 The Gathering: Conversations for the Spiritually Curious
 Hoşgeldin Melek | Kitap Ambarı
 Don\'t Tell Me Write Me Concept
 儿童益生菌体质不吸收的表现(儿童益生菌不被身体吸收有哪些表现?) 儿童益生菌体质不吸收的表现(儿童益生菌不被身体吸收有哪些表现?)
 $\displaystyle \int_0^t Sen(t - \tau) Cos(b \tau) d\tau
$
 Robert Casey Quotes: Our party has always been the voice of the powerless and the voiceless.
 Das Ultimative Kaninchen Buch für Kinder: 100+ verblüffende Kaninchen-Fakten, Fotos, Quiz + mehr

**TASK DIRECTIONS**
Begin with the line holding "Hoşgeldin Melek | Kitap Ambarı" and end with the last line of the material. Write out those lines exactly, and only those.

**ANSWER SPACE**
 Hoşgeldin Melek | Kitap Ambarı
 Don\'t Tell Me Write Me Concept
 儿童益生菌体质不吸收的表现(儿童益生菌不被身体吸收有哪些表现?) 儿童益生菌体质不吸收的表现(儿童益生菌不被身体吸收有哪些表现?)
 $\displaystyle \int_0^t Sen(t - \tau) Cos(b \tau) d\tau
$
 Robert Casey Quotes: Our party has always been the voice of the powerless and the voiceless.
 Das Ultimative Kaninchen Buch für Kinder: 100+ verblüffende Kaninchen-Fakten, Fotos, Quiz + mehr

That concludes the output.